6. For the avoidance of doubt, engagement of the Company’s services does not constitute a joint venture and/ or any similar joint enterprise between the Client and the Company.
7. These Terms, as amended from time to time, will apply whenever you are in contact with the Company for the supply of services, as set out under these Terms of Business. You may ask us for the latest version of the Terms anytime.
8. Unless otherwise agreed in writing, you and the Company are committed and bound by these Terms. These are the standard terms upon which we intend to rely. For your benefit and protection, you should read these terms carefully and keep a copy for future reference. If you do not understand any of the provisions of these Terms, please contact us for further information.
9. These terms will override any other terms or conditions or any preceding Terms issued prior to the most recent up-to-date Terms. We may amend these terms by giving you at least 30 days’ written notice. Circumstances in which we may amend these terms include (but are not exhaustive): (a) to comply with changes in law or regulation; (b) to correct inaccuracies, errors, ommissions or ambiguities; and (c) to reflect changes in the scope and nature of the services we provide, our administrative processes and procedures or market practice.
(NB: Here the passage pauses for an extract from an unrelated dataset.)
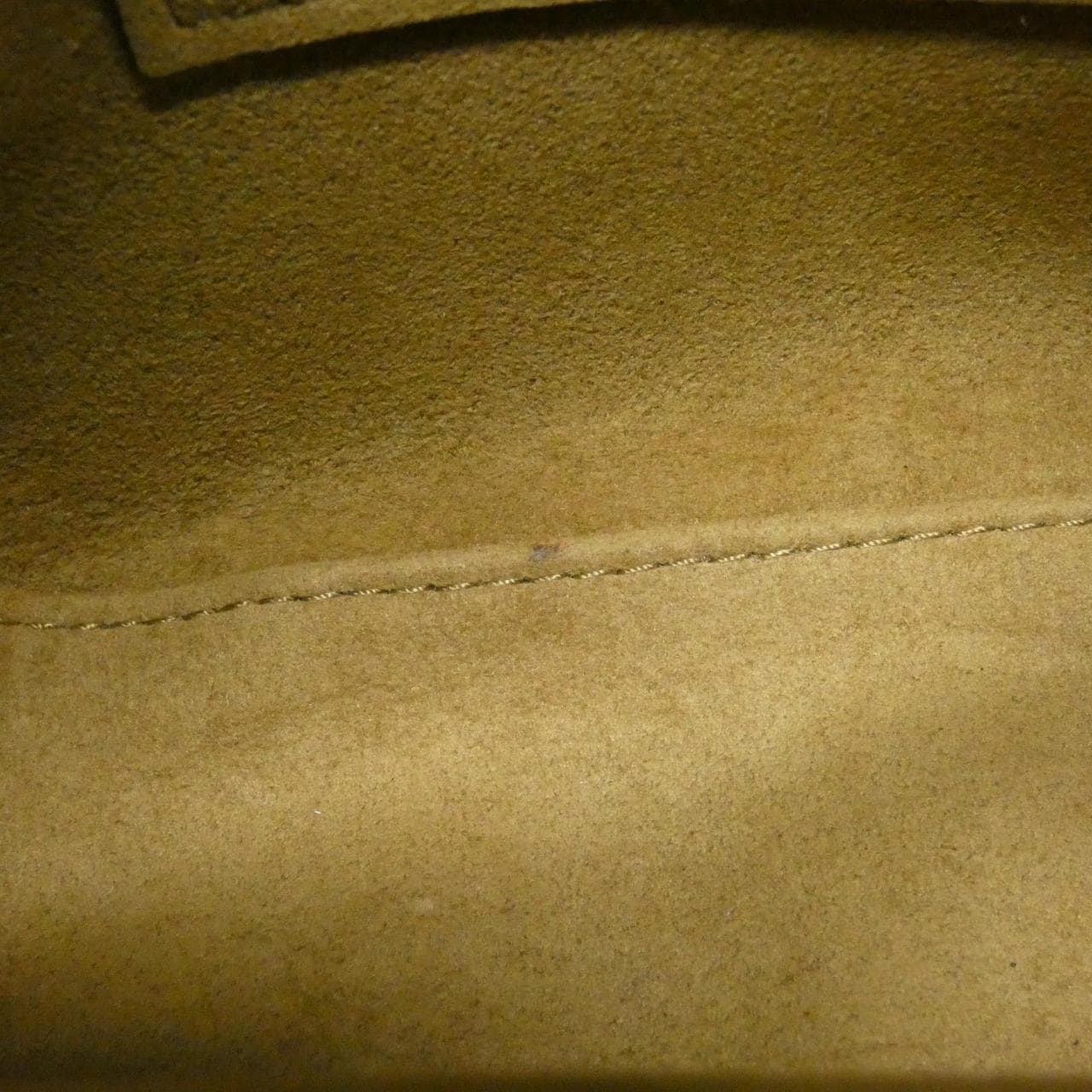 Louis_Vuitton_Monogram_Boite_Chapeau_Souple_MM_M45647_Shoulder_Bag_7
If you object to a change to our Terms, you may terminate our authority to act on your behalf under clause 59 before the change takes effect.
10. These Terms of Business are effective from 01/01/2024 and remain in effect until amended by clause 9.
11. Any typographical, clerical or other error or omission in any sales literature, Terms, price list, invoice or any other document or information issued by the Company shall be subject to correction without any liability on the part of the Company.
12. Our Standard Service includes help to arrange investments; ongoing support (for example, arranging top-ups and fund switches); answering questions about your investments; and dealing with investment providers on your behalf to resolve issues. The charge for providing our standard service comprises standard fees (see clause 46) or commissions (see clause 47).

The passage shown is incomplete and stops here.